Parents Turn Bento Box Lunches Into Amazing Food Art In Japan (VIDEO)

Single-portion boxed lunches known as Bento have been part of Japanese cuisine for centuries, but now moms are taking the meals to the next level by fashioning rice, fish and other foods into animals, pop culture icons and even portraits.

Some Japanese mothers even take classes to learn how to prepare intricate bento designs for their kids.

"We have this idea of presentation -- how it looks and precisions -- and so I think that's part of this culture," Yayoi Uemura, a mother in a bento-making class, told the BBC.

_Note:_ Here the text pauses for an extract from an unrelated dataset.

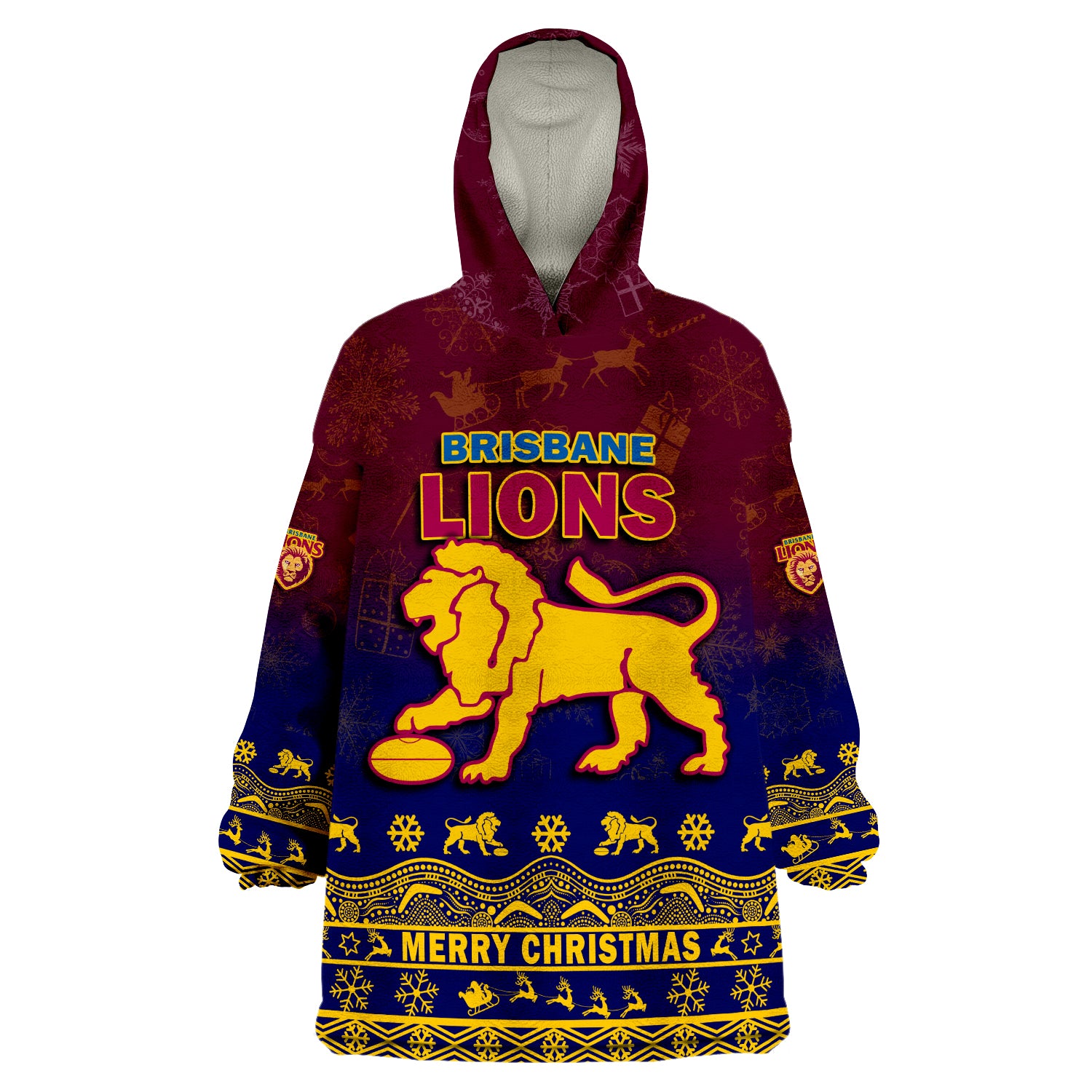 custom-personalised-and-number-brisbane-unique-lions-winter-season-lions-merry-christmas-wearable-blanket-hoodie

But it's not all art for art's sake. According to some parents, the playful arrangements also encourage picky eaters to eat foods they'd otherwise turn away.

"If [my daughter's] boiled egg is shaped like a bunny, and it is holding a baby carrot, she'll eat it," Sheri Chen told The New York Times.

The use of bento boxes has spread beyond Japan and into restaurants and households abroad. The divisions inside the box allow foods to be grouped together in a visually appealing manner, emphasizing portion control, and the creative designs just help the matter.

"Food presented attractively looks more appetizing, since we eat with our eyes as much as our taste buds and stomachs," Makiko Itoh, food blogger and Japan native, told The New York Times.

"Sneaky Chef" author and HuffPost blogger Missy Chase Lapine is also a big proponent of working healthy foods into kid-friendly meals through simple substitutions. She writes:

I'm known for hiding healthy foods in everyone's favorite meals -- and one of my key "methods of disguise" is simply adding puréed vegetables to traditional comfort foods. Research now validates this method as a way to cut calories and increase vegetable intake for kids and adults alike.